While it’s certainly not a new trend, it was particularly evident seeing May’s musical offerings in Philly that the lines between what’s considered jazz and classical or new music have never been blurrier. The highlight of last month’s calendar was Bowerbird’s landmark Julius Eastman retrospective; a last-minute program change on the final night led to the reprise of Eastman’s “Thruway” in a version that sounded radically different from its earlier performance and thus revealing the amount of spontaneity and chance in the piece. More explicitly, the first iteration followed Eastman’s instruction that a jazz band play from offstage, leading to scraps of Monk seeping into the music’s quieter portions like a neighbor’s stereo through an open window. Then there was the two-night Ars Nova run that featured Ken Vandermark and Nate Wooley playing a long-form piece inspired by John Cage, followed by John Hollenbeck’s Claudia Quintet playing short compositions that were often complexly through-composed.
Need more evidence? It’s all over this month’s jazz schedule as well. This Saturday, in fact, the PRISM Quartet will continue its Heritage/Evolution series at the Painted Bride, in which the classical sax foursome has invited some of jazz’s most forward-thinking saxmen to compose new music for the ensemble and themselves. This weekend, they’ll premier “Super Sonix,” penned by tenor sax titan Joe Lovano. In keeping with the hybrid tradition, the piece pays explicit homage to “Third Stream” pioneer Gunther Schuller as well as the radically innovative Ornette Coleman.
One night earlier, on June 2, pianist Uri Caine will return to Matt Yaple’s invite-only @exuberance series (it’s easy to snag an invite – just shoot an email to email@example.com).
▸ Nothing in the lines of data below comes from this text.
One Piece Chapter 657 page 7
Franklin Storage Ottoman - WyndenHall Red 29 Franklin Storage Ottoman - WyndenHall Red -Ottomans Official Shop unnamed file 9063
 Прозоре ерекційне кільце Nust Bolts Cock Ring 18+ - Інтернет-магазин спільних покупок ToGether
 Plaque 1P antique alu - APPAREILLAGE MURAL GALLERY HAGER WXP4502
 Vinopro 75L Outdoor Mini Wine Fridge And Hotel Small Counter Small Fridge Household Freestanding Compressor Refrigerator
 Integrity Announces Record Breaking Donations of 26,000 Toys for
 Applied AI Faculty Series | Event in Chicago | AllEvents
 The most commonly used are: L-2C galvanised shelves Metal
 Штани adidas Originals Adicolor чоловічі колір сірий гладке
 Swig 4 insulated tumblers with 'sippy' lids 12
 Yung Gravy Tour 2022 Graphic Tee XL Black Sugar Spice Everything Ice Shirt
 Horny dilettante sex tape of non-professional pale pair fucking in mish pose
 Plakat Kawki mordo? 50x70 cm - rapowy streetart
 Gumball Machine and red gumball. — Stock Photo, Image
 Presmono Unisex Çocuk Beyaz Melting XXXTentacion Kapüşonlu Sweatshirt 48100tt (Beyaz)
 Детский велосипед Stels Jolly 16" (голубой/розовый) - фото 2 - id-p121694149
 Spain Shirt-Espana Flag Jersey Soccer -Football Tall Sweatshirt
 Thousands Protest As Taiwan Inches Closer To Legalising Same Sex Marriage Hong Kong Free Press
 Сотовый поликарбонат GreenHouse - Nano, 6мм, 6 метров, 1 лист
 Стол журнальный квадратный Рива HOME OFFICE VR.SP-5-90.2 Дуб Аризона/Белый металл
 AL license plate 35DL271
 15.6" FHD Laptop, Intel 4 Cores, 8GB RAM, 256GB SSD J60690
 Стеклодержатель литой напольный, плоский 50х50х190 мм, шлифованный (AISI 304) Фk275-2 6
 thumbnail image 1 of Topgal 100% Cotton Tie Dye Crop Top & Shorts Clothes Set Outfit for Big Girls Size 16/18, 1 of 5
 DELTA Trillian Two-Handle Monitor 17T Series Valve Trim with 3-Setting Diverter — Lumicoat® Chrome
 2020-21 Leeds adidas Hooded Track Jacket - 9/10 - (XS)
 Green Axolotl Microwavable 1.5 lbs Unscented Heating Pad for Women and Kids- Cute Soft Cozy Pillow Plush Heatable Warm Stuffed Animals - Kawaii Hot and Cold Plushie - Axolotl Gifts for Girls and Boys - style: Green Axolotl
Since leaving his native Philly a few decades back, Caine has gained fame with his inventive reworkings of classical repertoire from Wagner to Verdi, though this show, which reunites him with local bass great Mike Boone, will reach back into his more traditional Philly hard-bop roots. Rumor has it the duo will expand into a trio with the addition of Boone’s staggeringly talented 10-year-old son, drummer Mekhi.
John Zorn has built his iconoclastic career on bulldozing genre boundaries, chopping and blending everything from jazz to grindcore to musique concrete to cartoon soundtracks into a distinctively defiant soundworld, in the process becoming one of the most prolific and eclectic composers in modern music of any definition. One of his most extensive collections of music is his series of Masada songbooks, which form the core of his “Radical Jewish Music” aesthetic. Also on June 3, Ars Nova Workshop will present Philly native Brian Marsella performing songs from the second Masada book, “The Book of Angels,” at the Art Alliance in a piano trio with bassist Trevor Dunn (Nels Cline Singers, Mr. Bungle) and drummer Kenny Wollesen (Sex Mob, Bill Frisell). Marsella, a member of Philly supergroup the Fresh Cut Orchestra as well as Zion80, The Flail, and his own Imaginarium project, recorded 16 of these Zorn tunes with this trio on his new Tzadik album Buer.
Of course, jazz and classical are not the only streams that have crossed over the course of the musics’ history. Cuban traditions have also richly contributed to the evolution of jazz, a heritage that will be celebrated by our own Terell Stafford-led Jazz Orchestra of Philadelphia at the Kimmel Center on Saturday, June 10. The big band will be joined by trumpet great Jon Faddis as well as Cuban native and former Philadelphia Elio Villafranca on piano for an evening exploring the island’s influence on Dizzy Gillespie and other influential jazz icons.